• [TASK]: All lines below must be repeated exactly, with the pictures omitted.

• [DATA PROVIDED]:
•••

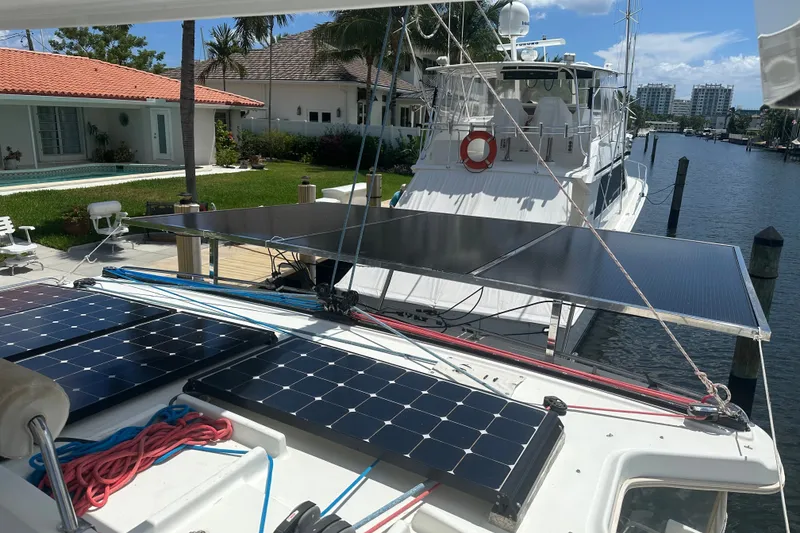 Slide: The Image of Catamaran Lagoon 440 (2010) with solar panels docked by waterfront homes. - 81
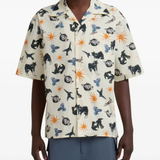 Tan shirts worn by a person, showing the shirts fit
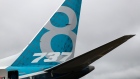 The tail fin of a Boeing Co. 737 Max Aircraft stands on display during preparations ahead of the Farnborough International Airshow 2016 in Farnborough, U.K. 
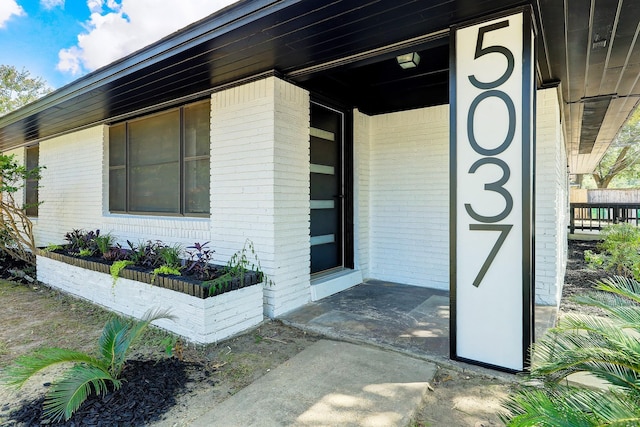 entrance to property featuring brick siding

•••

• [RESPONSE AREA]:
 Slide: The Image of Catamaran Lagoon 440 (2010) with solar panels docked by waterfront homes. - 81
 Tan shirts worn by a person, showing the shirts fit
 The tail fin of a Boeing Co. 737 Max Aircraft stands on display during preparations ahead of the Farnborough International Airshow 2016 in Farnborough, U.K. 
 entrance to property featuring brick siding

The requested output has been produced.